Page 60 of Widow's Walk
“Haven’t found her yet.” And I don’t think we will. At least not here.
He’s silent for too long. “You should have told her.”
Yeah, no shit.
“I have to ask you, Blackwell. Is it worth it?”
I halt in my steps. “Of course it’s worth it. She’s wortheverything,” I answer so hurriedly as if the words have been waiting on the tip of my tongue to spill out at the right moment.
“So, this is your decision.”
“Yes.” I start moving again.
“You understand the position this puts us in,” he tries to remind me.
“I do.”
He sighs before speaking again. “Well, she didn’t have much of a head start,” he points out. “We’ll find her.”
She wasn’t supposed to find out this way. Not without hearing it from me. That I had no intention of going through with it. There could never be anyone else.

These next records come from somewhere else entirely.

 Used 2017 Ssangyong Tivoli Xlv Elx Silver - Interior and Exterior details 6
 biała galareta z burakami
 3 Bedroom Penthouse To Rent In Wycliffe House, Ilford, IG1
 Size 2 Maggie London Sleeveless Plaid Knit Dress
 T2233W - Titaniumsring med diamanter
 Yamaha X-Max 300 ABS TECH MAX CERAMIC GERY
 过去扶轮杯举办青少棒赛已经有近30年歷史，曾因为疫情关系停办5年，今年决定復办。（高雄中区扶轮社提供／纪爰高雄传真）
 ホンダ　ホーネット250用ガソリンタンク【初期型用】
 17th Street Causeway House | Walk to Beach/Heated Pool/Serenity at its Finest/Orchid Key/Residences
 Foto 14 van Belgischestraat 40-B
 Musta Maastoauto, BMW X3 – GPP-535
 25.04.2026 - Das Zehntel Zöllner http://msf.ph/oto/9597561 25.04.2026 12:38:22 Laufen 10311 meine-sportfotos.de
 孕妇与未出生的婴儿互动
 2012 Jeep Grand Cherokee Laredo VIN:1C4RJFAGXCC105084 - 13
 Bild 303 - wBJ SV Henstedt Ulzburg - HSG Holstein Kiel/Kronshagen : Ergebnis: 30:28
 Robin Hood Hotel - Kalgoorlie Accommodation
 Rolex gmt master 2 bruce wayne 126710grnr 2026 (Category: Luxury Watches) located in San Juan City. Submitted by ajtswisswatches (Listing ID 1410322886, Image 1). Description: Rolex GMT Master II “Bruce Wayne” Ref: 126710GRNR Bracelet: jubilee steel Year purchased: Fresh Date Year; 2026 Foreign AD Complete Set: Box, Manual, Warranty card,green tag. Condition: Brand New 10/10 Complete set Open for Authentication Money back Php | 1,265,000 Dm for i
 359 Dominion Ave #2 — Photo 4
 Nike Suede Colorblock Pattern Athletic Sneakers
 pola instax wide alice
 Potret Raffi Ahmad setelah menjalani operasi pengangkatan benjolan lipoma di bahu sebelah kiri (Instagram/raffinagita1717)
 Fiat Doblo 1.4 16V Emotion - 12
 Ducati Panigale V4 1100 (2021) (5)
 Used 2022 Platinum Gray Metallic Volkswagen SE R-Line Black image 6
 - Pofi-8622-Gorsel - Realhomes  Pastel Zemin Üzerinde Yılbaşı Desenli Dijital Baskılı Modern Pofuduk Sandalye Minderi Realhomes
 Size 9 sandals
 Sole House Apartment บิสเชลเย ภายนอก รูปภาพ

Not for me. Not in this life or the next. It was always Sinclair.
But she knows, and now she’s gone. Every minute she’s out there, exposed and vulnerable, her life is on the line. The thought of someone getting their hands on her first punches a hole through my chest.
No matter how far she runs, how well she hides, I will find her.
And God help anyone who stands in my way.
Chapter twenty-four
Blackwell
It’s been months without her.
No contact. No leads. No sightings. Just left reaching for her in the middle of the night, only to come up empty. Her side of the bed, cold to the touch. Left chasing shadows.
It isn’t the fact that she left without a trace. Or that she ran from me. It’s the fact that I still have no clue what goes on in that beautiful, twisted head of hers that is the most infuriating of all. That she can so easily play me.
She led me to believe she was oblivious. She gave absolutely nothing away. No cracks. Never wavered. She knew, and yet she withheld her reaction. Bottled up her vengeance. She kissed me back with every kiss. Shook with every orgasm. Curled into my side when she slept.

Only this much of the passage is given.